« Promouvoir le leadership infirmier ! » - L'Infirmière Magazine n° 174 du 01/09/2002 | Espace Infirmier
 

L'Infirmière Magazine n° 174 du 01/09/2002

 

Christophe Debout

Questions à

Le 21 juin dernier, l'Association française des infirmières et infirmiers diplômés d'État (Anfiide) a renouvelé son conseil d'administration. Christophe Debout, 34 ans, succède à Catherine Duboys Fresney, à la tête de la plus ancienne association infirmière.

Vous êtes actuellement cadre au centre hospitalier de Compiègne (Oise), mais quel a été votre parcours ?

Ma motivation est née dès le lycée. Et je suis entré en Ifsi aussitôt après le bac. Une fois diplômé, j'ai eu un parcours volontairement diversifié. Je me suis livré à une exploration de la profession. Médecine, chirurgie, réanimation... J'ai choisi d'avoir un complément de formation en devenant Iade. Puis, après quelques années au bloc opératoire et en salle de réveil, j'ai suivi la formation cadre. Et suite à mon diplôme, j'ai travaillé aux urgences, au Smur.
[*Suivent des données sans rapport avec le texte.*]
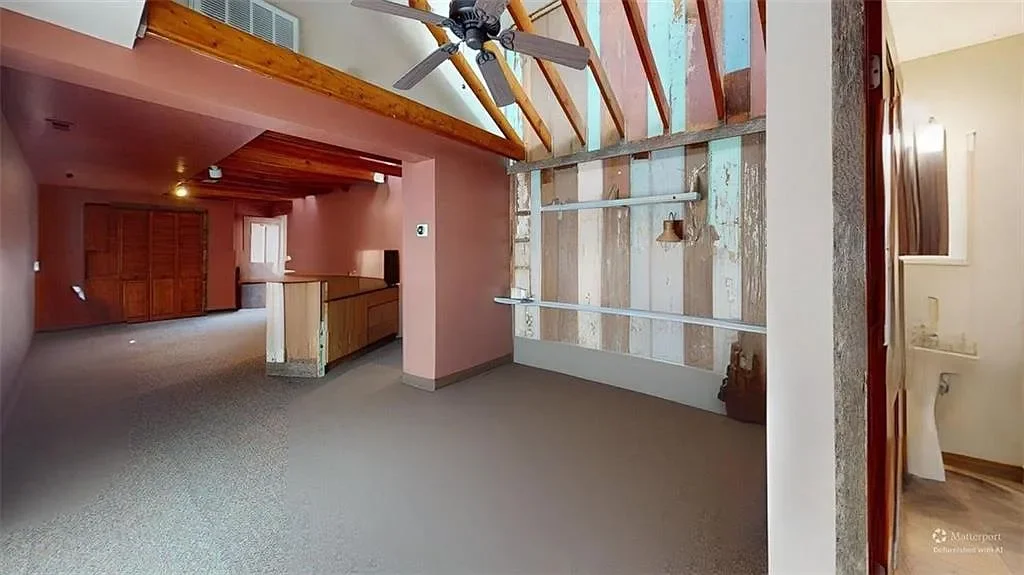 1920 Farmhouse Nevada Missouri - 33 - room.webp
Le projet de création d'une unité mobile de soins palliatifs m'a permis d'explorer la notion de consultation infirmière et l'activité de réseau à domicile. Et j'ai obtenu un DU douleur soins palliatifs en filière clinique. En parallèle, j'ai aussi exercé une fonction de formateur. J'ajouterai que ma curiosité m'a aussi poussé hors de notre cadre national puisque j'ai travaillé dans l'humanitaire avec l'association Médecins relais. J'ai notamment été chargé d'organiser une mission infirmière dans un hôpital de Saint-Pétersbourg. J'ai aussi suivi une formation aux États-Unis (une licence), et en Angleterre pour parfaire mes connaissances en soins palliatifs. Pour conclure les présentations, je crois que le métier d'infirmier est vraiment très riche.

À ce sujet, comment définiriez-vous la profession infirmière à un jeune bachelier ?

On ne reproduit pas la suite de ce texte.